Although the original plan for War Of The Words was to have a shortlist of only five, the quality that we received from all corners of the world prompted us to expand that to ten, to accurately represent the best of the many stories we’ve had the pleasure of reading. What this competition has demonstrated to us, more than anything else, is that the spirit of science fiction and fantasy is still very much alive and kicking, and the literary scene for both genres still has incredible potential to offer. It wasn’t easy to narrow our choices down to just ten, but after weeks of deliberation, it’s ready.

 The shortlist for the 2009 War Of The Words competition is, in no particular order:


 1. The Sun Song – Andrew Tisbert
 2. The Nemesis List – RJ Frith
 3. Mech – Jim Keen
 4. Children Of Yaltza – Kerrie Maxwell
 5. Pale Queen’s Courtyard – Marcin Wrona
 6. Evacuee – Paula Hadlum
 7. Thorn – Steff Green
 8. The Darkness Kept – Lamar Giles
 9. The Barocles Codicil – Susan Sarapuk
 10. Creations – William Mitchell


 The shortlisted entrants have already been notified, and we at SciFiNow and Tor UK would like to offer our heartfelt congratulations for reaching it this far, against incredible odds. We’d also like to offer our thanks to those who entered but didn’t make the shortlist – it takes great courage to put your work to an audience, and the level of quality that we encountered while reading through the entries was astounding.


----------



## ctg (Nov 25, 2009)

The UK’s best sci-fi magazine, SciFiNow, and SF publishing giant Tor UK are pleased to announce that The Nemesis List, a new novel written by RJ Frith, has won the first ever War Of The Words competition. Running since May of this year, the hugely successful War Of The Words competition saw hundreds of new authors across the world submit an original SF novel for the prize of a publishing contract with Tor UK. Ultimately, it was RJ Frith’s The Nemesis List that impressed both SciFiNow and Tor UK the most.

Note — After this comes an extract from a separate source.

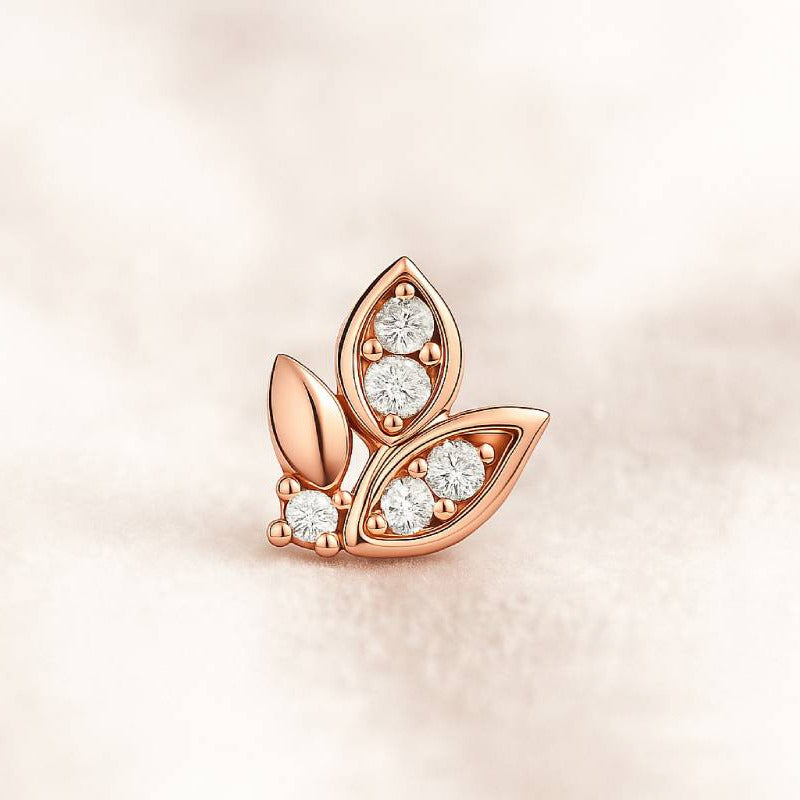 Rose gold leaf-shaped earring with diamonds on a soft pink background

 The Nemesis List follows a future where humanity has expanded into the stars, but at the price of its freedom under the confines of an autocratic and overbearing government. A result of human experimentation in a world where scientific achievement is strictly controlled, Jeven Jones finds himself caught up between soldiers, rebels, and more thanks to his ability for perfect recall, and the whims and desires of others to use it for their own agenda.

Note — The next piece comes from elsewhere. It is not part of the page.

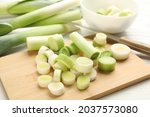 Fresh raw leek slices and knife on white wooden table, closeup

 “Honestly, I never thought I would write professionally,” said Frith. “I’m dyslexic. I dismissed the idea completely and just wrote for fun at least until I bought my first computer and discovered spell-checkers. Then I discovered the Internet and a lot of very good writing friends who I know I wouldn’t be here without. Winning this competition is a testament to their encouragement, help and patience.”

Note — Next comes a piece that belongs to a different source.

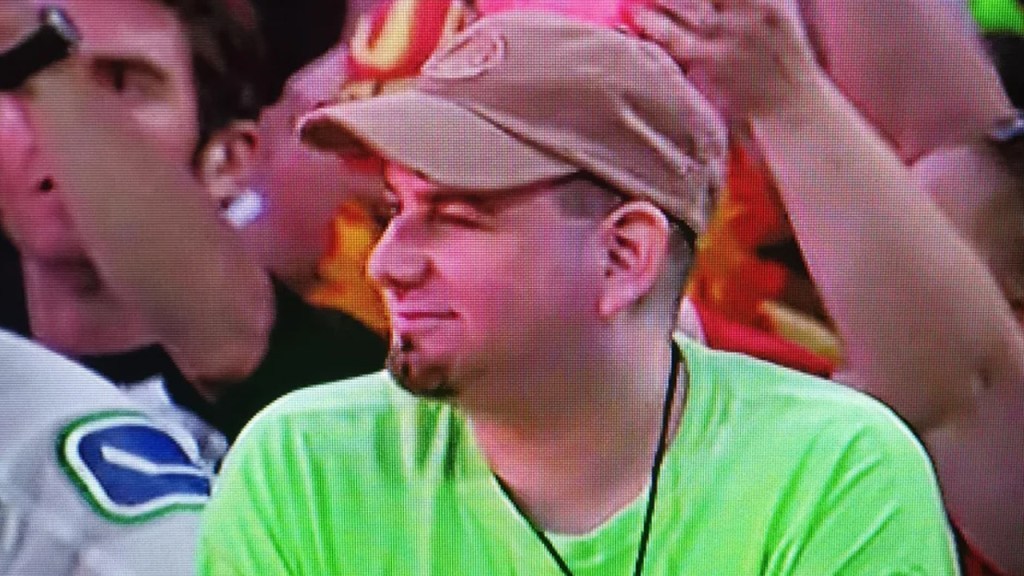The Mystery Behind WWE’s Green Shirt Guy Is Finally Solved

 “Although The Nemesis List absolutely deserved to win, what struck us most of all was the superb quality of all the entries,” said Aaron Asadi, Editor-in-Chief of SciFiNow. “It’s terrific that there are so many new and exciting SF voices ready to be heard. We put a great deal of faith in our readers when launching War Of The Words and that has undoubtedly been paid off ten fold.”

 “We would envisage genre print and online advertising, hand-to-hand marketing during public appearances and at events and festivals,” said Chloe Healy, Tor UK’s press officer. “We will also ensure that RJ Frith plays a big role in our Tor online developments through our newsletters, social networking links, digital apps and with our sister company in the US. We also work closely alongside our sales team while they introduce retailers to this exciting new voice. Our aim is to ensure The Nemesis List is the name on everyone’s wish list for the new year.”

 SciFiNow is a sophisticated, accessible, fresh and authoritative look at science fiction, fantasy, horror and cult television. Offering in-depth coverage of every aspect of sci-fi, the magazine breaks new ground with its cutting-edge approach to features, reviews and news. As relevant to those who grew up under the influence of Glen Larson as it is to those who only know the genre through JJ Abrams, the magazine also includes a unique retro ‘Timewarp’ section offering unprecedented access to classic shows and films.

 Imagine Publishing is one of the UK’s fastest growing consumer specialist publishers. Formed in May 2005, it now publishes 20 magazines and 20 websites in the videogames, computing, entertainment and photography markets. An Imagine magazine is purchased every ten seconds.


----------



## chopper (Nov 25, 2009)

& all the best to him too....


----------